The Cortex M4 has RAM but mainly stores instructions in flash memory, which is slower than RAM. It requires the CPU to wait (???) for flash to be ready before it can start transferring data.

This wait time is dependent on the clock speed and operating voltage, with higher clock speeds and voltages requiring longer wait times (after CPU > 14MHz, there clock speed doesn’t matter). There’s also no real way to speed this up (unlike how RAM can be improved with clock speed) since we’re fundamentally limited by physics.

Cache Solution

The Cortex M4 has two caches, pre-fetch and branch.

Pre-fetch cache

The pre-fetch cache takes advantage of the instruction-decode cycle. Since the CPU has to spend time fetching, decoding and executing (FED cycle), we use those wasted cycles fill a small cache.

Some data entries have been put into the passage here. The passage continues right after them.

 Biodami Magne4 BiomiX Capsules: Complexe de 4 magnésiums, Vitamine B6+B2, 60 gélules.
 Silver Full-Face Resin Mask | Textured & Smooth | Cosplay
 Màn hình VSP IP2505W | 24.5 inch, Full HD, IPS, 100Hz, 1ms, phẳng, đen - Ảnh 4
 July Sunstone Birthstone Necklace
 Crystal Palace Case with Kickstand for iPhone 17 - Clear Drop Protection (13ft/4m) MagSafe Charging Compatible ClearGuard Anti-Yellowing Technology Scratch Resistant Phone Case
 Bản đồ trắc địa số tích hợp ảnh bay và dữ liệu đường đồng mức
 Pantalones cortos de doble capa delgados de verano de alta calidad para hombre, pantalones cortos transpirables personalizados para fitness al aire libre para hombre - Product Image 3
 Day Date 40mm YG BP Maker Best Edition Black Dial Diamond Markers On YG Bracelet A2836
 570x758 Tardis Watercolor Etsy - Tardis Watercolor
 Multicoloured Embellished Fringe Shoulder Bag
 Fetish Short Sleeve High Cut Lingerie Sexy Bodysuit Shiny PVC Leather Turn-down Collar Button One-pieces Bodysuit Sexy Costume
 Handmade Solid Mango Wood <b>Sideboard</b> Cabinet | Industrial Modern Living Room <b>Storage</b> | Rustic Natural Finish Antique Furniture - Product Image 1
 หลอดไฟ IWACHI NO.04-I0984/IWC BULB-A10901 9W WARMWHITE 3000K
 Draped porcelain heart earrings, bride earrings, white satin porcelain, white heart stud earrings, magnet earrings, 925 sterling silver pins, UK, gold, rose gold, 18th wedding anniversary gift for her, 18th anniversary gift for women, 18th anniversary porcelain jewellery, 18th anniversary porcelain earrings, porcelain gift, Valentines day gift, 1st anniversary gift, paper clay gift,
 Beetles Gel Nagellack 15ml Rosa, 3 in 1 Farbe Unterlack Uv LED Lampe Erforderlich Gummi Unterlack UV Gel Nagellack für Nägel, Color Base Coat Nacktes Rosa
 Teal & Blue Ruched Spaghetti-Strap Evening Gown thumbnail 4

The Cortex M4 instruction bus is 128 bytes wide, so whenever instructions are requested, a read of 128 bytes occurs. Since it is a 32-bit microcontroller, this means that a single instruction fetch actually brings in 4 instructions. We can use this to our advantage to avoid flash memory as much as possible. While performing FDE cycles on this 128 byte cache, we can begin the next request, which adds up to a lot of savings over millions of cycles.

Branch cache

Branch cache is filled from pre-fetch cache and is based on the idea of locality reference (see Cache Optimization); if the compiler is smart, instructions that are executed sequentially will be in contiguous memory addresses. Thus, once we’ve fetched some data we might as well store it in a separate cache – the branch cache. This cache is bigger than the pre-fetch cache (64x128bytes), and it is what is searched first when trying to access an instruction. Since flash is so slow, cache misses don’t significantly affect the processor’s speed. This is especially useful for a microprocessor performing loops.

Data cache

Flash contains both code and data (usually literals). If data is loaded frequently, it ties up the flash memory so code can’t be read. Cortex M4 has a data cache of 8x128 bits.